You don’t bring glory or pleasure to God by hiding your abilities or by trying to be someone else. You only bring him enjoyment by being you. Anytime you reject any part of yourself, you are rejecting God’s wisdom and sovereignty in creating you. God says, “You have no right to argue with your Creator. You are merely a clay pot shaped by a potter. The clay doesn’t ask, ‘Why did you make me this way?’”23
In the film Chariots of Fire, Olympic runner Eric Liddell says, “I believe God made me for a purpose, but he also made me fast, and when I run, I feel God’s pleasure.” Later he says, “To give up running would be to hold him in contempt.” There are no unspiritual abilities, just misused ones. Start using yours for God’s pleasure.
God also gains pleasure in watching you enjoy his creation. He gave you eyes to enjoy beauty, ears to enjoy sounds, your nose and taste buds to enjoy smells and tastes, and the nerves under your skin to enjoy touch. Every act of enjoyment becomes an act of worship when you thank God for it. In fact, the Bible says, “God…generously gives us everything for our enjoyment.”24
God even enjoys watching you sleep! When my children were small, I remember the deep satisfaction of watching them sleep. Sometimes the day had been filled with problems and disobedience, but asleep they looked contented, secure, and peaceful, and I was reminded of how much I love them.
My children didn’t have to do anything for me to enjoy them. I was happy to just watch them breathing, because I loved them so much. As their little chests would rise and fall, I’d smile, and sometimes tears of joy filled my eyes. When you are sleeping, God gazes at you with love, because you were his idea. He loves you as if you were the only person on earth.
Parents do not require their children to be perfect, or even mature, in order to enjoy them. They enjoy them at every stage of development. In the same way, God doesn’t wait for you to reach maturity before he starts liking you. He loves and enjoys you at every stage of your spiritual development.

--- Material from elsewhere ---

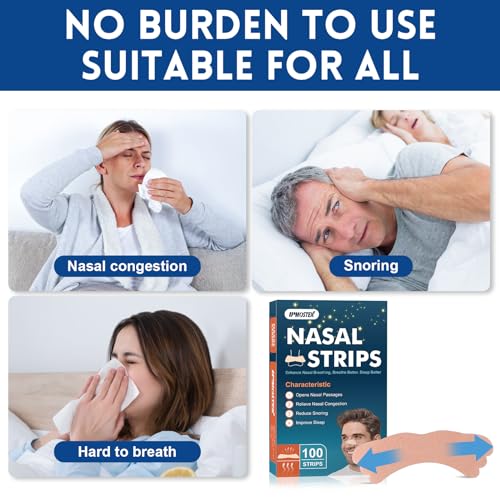100pcs nasal strips for snoring extra strength nose strips breathing nose tape for sports and sleep anti snoring strips help stop snoring and nasal congestion relief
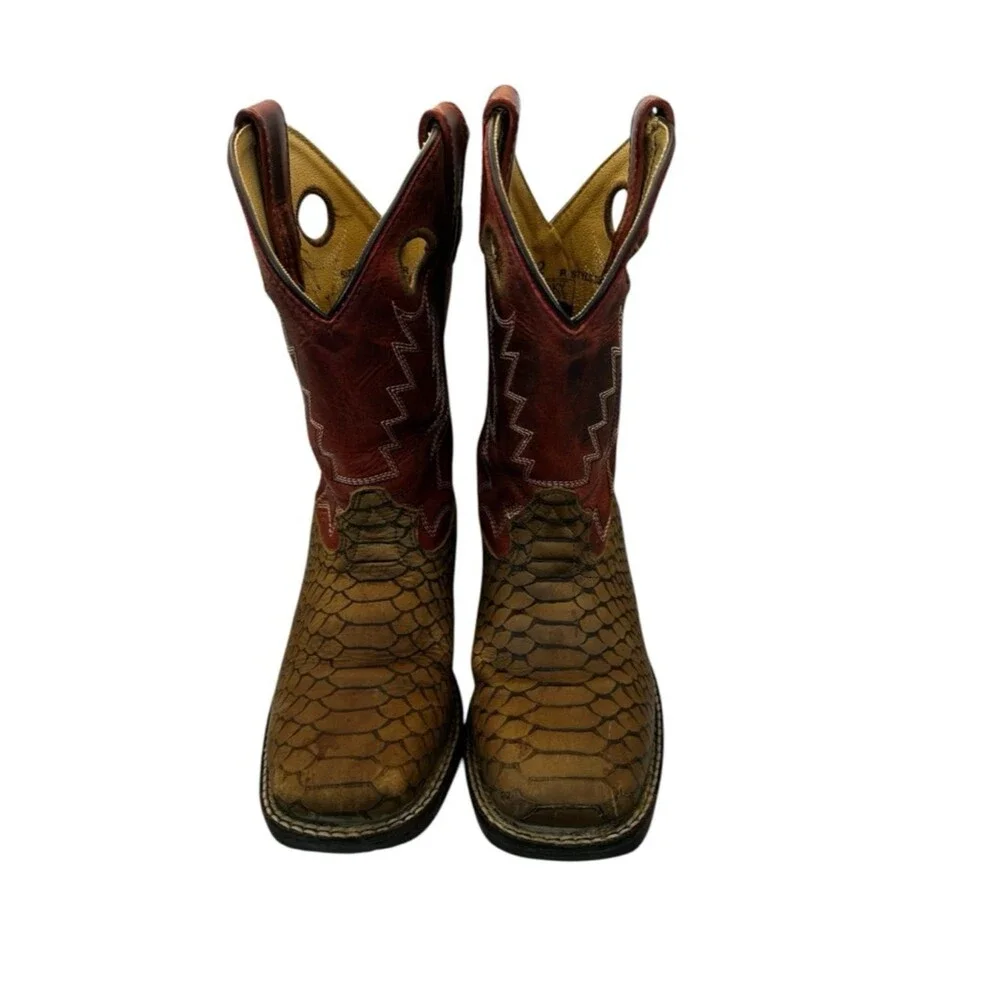 Smoky Mountain Youth 2 Brown Viper Snakeskin Red Square Toe Cowboy Western Boots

You may have had unpleasable teachers or parents as you were growing up. Please don’t assume God feels that way about you. He knows you are incapable of being perfect or sinless. The Bible says, “He certainly knows what we are made of. He bears in mind that we are dust.”25
What God looks at is the attitude of your heart: Is pleasing him your deepest desire? This was Paul’s life goal: “More than anything else, however, we want to please him, whether in our home here or there.”26 When you live in light of eternity, your focus changes from “How much pleasure am I getting out of life?” to “How much pleasure is God getting out of my life?”

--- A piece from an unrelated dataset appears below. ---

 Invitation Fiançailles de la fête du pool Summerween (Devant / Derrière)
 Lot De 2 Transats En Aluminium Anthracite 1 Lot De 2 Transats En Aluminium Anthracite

God is looking for people like Noah in the twenty-first century—people willing to live for the pleasure of God. The Bible says, “The Lord looks down from heaven on all mankind to see if there are any who are wise, who want to please God.”27
Will you make pleasing God the goal of your life? There is nothing that God won’t do for the person totally absorbed with this goal.
DAY NINE
THINKING ABOUT MY PURPOSE
Point to Ponder: God smiles when I trust him.
Verse to Remember: “The Lord is pleased with those who worship him and trust his love.” Psalm 147:11 (CEV)
Question to Consider: Since God knows what is best, in what areas of my life do I need to trust him most?
10
The Heart of Worship
Give yourselves to God…Surrender your whole being to him to be used for righteous purposes.
Romans 6:13 (TEV)
The heart of worship is surrender.
Surrender is an unpopular word, disliked almost as much as the word submission. It implies losing, and no one wants to be a loser. Surrender evokes the unpleasant images of admitting defeat in battle, forfeiting a game, or yielding to a stronger opponent. The word is almost always used in a negative context. Captured criminals surrender to authorities.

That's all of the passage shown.